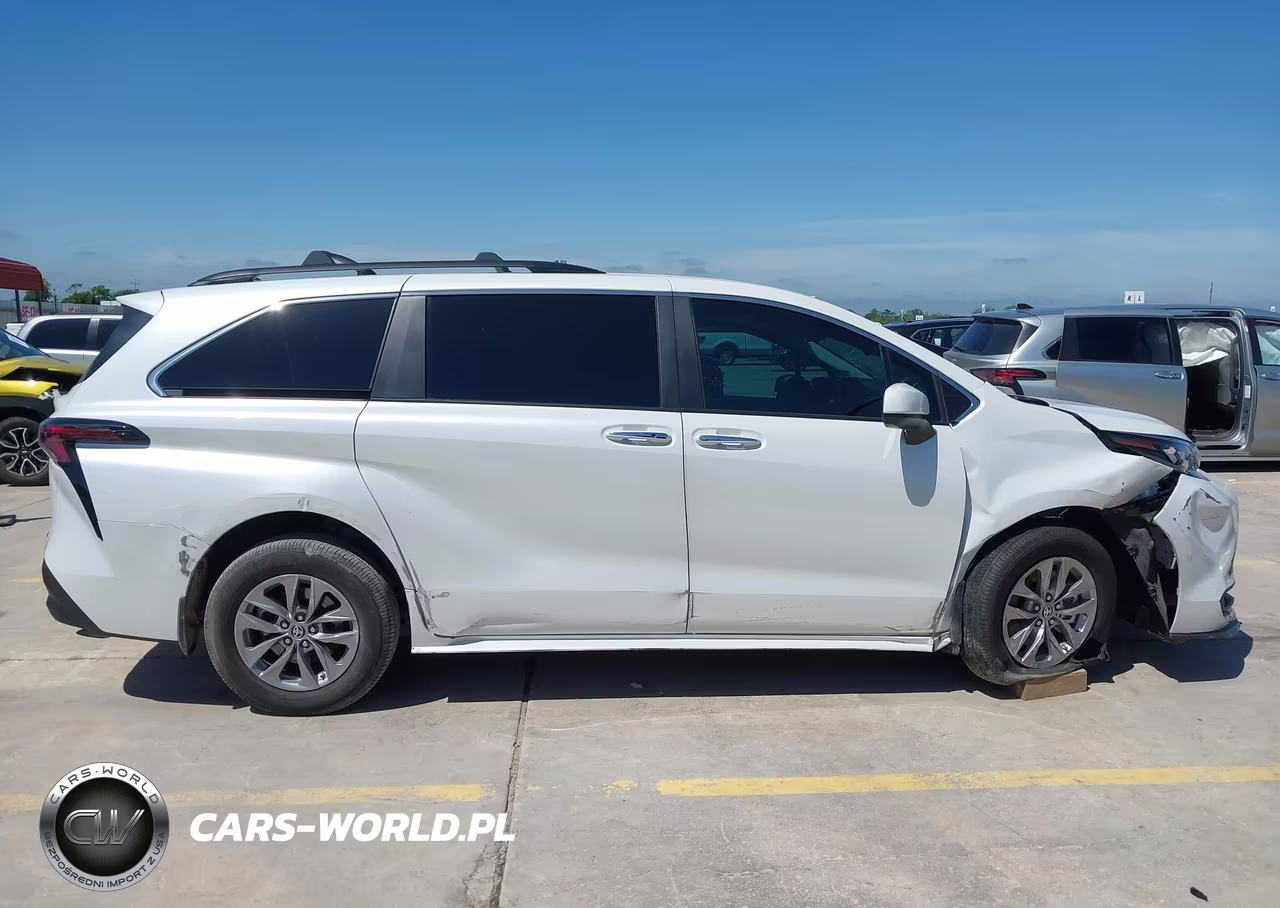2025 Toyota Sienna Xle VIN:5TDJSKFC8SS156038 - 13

# # # # # # #

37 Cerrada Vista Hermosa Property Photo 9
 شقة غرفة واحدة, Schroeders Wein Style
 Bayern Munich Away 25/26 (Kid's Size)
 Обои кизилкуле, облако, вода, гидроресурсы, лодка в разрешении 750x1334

# # # # # # #

# [Directions for this task]
Could you reproduce, exactly, every line above from the line with "Bayern Munich Away 25/26 (Kid's Size)" to the line with "Обои кизилкуле, облако, вода, гидроресурсы, лодка", and no other line? Both ends count.

# [Your solution]
 Bayern Munich Away 25/26 (Kid's Size)
 Обои кизилкуле, облако, вода, гидроресурсы, лодка в разрешении 750x1334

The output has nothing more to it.